A new Exploration Project outlining future technical
requirements for C1+C2 reserve registration with GKZ is being
compiled and will be submitted for regulatory approval before
year-end 2014.
Verkhne-Krichalskaya - Chukotka region, Russia
The Verkhne-Krichalskaya (VK) exploration and mining licence
incorporates the Klen licence and is believed to hold upside
potential with regard to the Klen operation.
The Company's previous exploration programme defined several
gold anomalies and exploration targets at VK. In H1 2014 the
Company completed a total of 7,996 metres of drilling at several
targets with the objective of prospecting for new mineralisation
zones and defining continuity of gold mineralisation along strike
and depth of previously identified zones. Preliminary drilling
results indicate several steeply dipping gold mineralised vein
zones ranging from 200 to 1,200 metres in length and from 2.0 to
5.0 metres in width which yielded several high-grade
intersects.
Additional drilling planned for H2 2014 at VK includes
assessment of the resource potential of the deeper levels of the
Klen deposit and testing of the potential extension of the deposit
to the southeast.
Kekura - Chukotka region, Russia
Exploration work planned for 2014 is focused on fulfilling all
technical requirements for an updated pre-feasibility study which
is expected to be submitted to regulatory authorities (GKZ) by
year-end 2014. The Company completed 4,210 metres of drilling with
exploratory, hydrogeological and geotechnical objectives.
Metallurgical studies on multi-tonne composite ore samples are
underway, with the aim of defining ore characteristics and
developing a processing flow sheet. Exploratory prospecting on the
greater licence area in H2 2014 will include geochemical surveys at
selected targets and the evaluation of several promising near-mine
gold prospects.
Unkurtash - Kyrgyzstan
The Unkurtash project holds a total JORC-compliant resource of
3.7 Moz of gold within three distinct prospects, Unkurtash,
Sarytube and Karatube, located within the Company's single Kassan
licence (63 km(2)). In order to facilitate registration of the
entire Unkurtash project's C1+C2 category with the Kyrgyz GKZ, the
Company completed a reserve calculation update in 2013. Project
economics were further refined during H1 2014 and submission of the
necessary documentation for reserve registration to GKZ is targeted
for Q4 2014.
In H2 2014 the Company plans to complete a 1,500 metre drilling
programme which will test the resource potential of the Baikonur
prospect, the potential extension of the Unkurtash prospect.
Valery Oyf
Chief Executive Officer
22 September 2014
INTERIM FINANCIAL REVIEW
CHIEF FINANCIAL OFFICER'S REPORT
Half-year financial results demonstrate Group's ability to drive
performance during a period of weaker gold prices. Increased
production volumes along with the ongoing focus on improving
efficiency should allow us to deliver strong full year results.

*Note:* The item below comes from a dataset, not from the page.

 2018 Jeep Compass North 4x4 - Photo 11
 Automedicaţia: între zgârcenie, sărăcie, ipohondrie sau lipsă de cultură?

Group revenue for the first half of 2014 decreased by 9.4% to
US$142.2 million compared to US$157.0 million in H1 2013. This
decline reflected the fall in precious and other metals spot market
prices during the period, despite higher gold and gold equivalents
sales. The Group sold 116,567 ounces of gold and gold equivalents
in H1 2014, compared to 110,423 ounces in H1 2013. MNV's share of
sales at 63,048 oz decreased by 14.0%, while Novo's share at 43,509
eq. oz showed a significant 18.0% increase compared to H1 2013.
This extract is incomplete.